Tribunal Administratif de Strasbourg — Décision N° TA67-2103733

mardi 14 février 2023

JuridictionTribunal Administratif de Strasbourg
SectionTribunal Administratif de Strasbourg
N° DossierTA67-2103733
TypeDécision
RecoursPlein contentieux
Formation6ème Chambre
Avocat requérantBECKER

Texte intégral

Vu la procédure suivante :

Par une requête, enregistrée le 26 mai 2021, la société SE Gunay, représentée par Me Becker, demande au tribunal :

1°) d'annuler la décision du 26 mars 2021 par laquelle le directeur régional de l'économie, de l'emploi, du travail et des solidarités du Grand Est a prononcé à son encontre quatre amendes administratives en application de l'article L. 8115-1 du code du travail d'un montant total de 6 000 euros ou, à titre subsidiaire, d'en réduire le montant ;

2°) de mettre à la charge de l'Etat le versement d'une somme de 2 000 euros au titre de l'article L. 761-1 du code de justice administrative.

Elle soutient que :

- l'auteur de la décision est incompétent ;

- elle est entachée d'une erreur de droit au regard des dispositions de l'article R. 4534-142 du code du travail ;

- la sanction est disproportionnée.

Par un mémoire en défense, enregistré le 1er octobre 2021, le directeur régional de l'économie, de l'emploi, du travail et des solidarités du Grand Est conclut au rejet de la requête.

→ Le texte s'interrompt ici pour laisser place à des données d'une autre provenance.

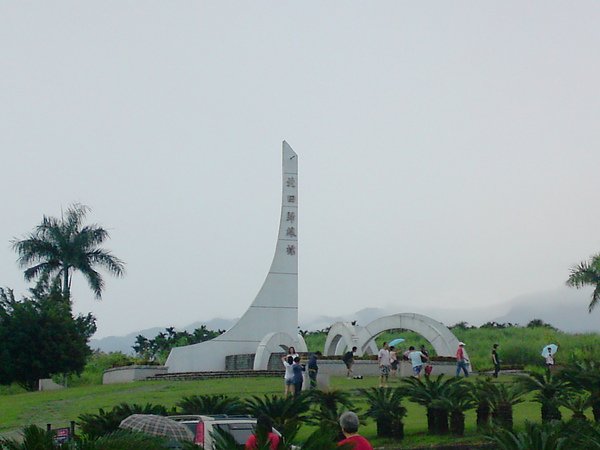 DSC00449.JPG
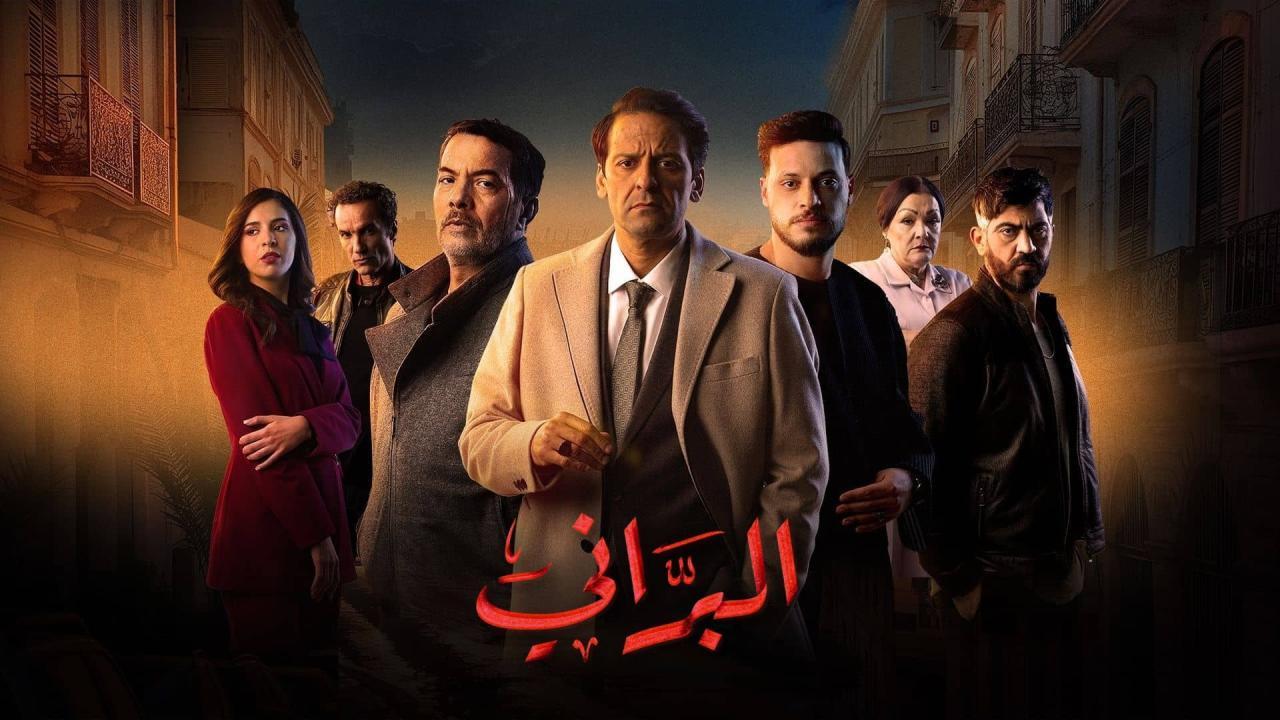مسلسل البراني 2 الحلقة 21 الحادية والعشرون والاخيرة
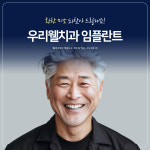 우리웰치과의원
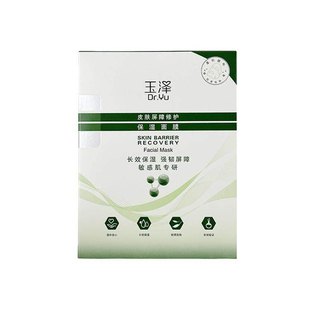 玉泽皮肤屏障修复保湿面膜积雪草冻干面膜补水缓解去红血丝正品女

Il soutient qu'aucun des moyens soulevés par la société SE Gunay n'est fondé.

Vu les autres pièces du dossier.

Vu :

- le code du travail ;

- le code de justice administrative.

Les parties ont été régulièrement averties du jour de l'audience.

Ont été entendus au cours de l'audience publique :

- le rapport de Mme Devys, rapporteure,

- les conclusions de M. Lusset, rapporteur public,

- et les observations de M. B, représentant la direction régionale de l'économie, de l'emploi, du travail et des solidarités du Grand Est.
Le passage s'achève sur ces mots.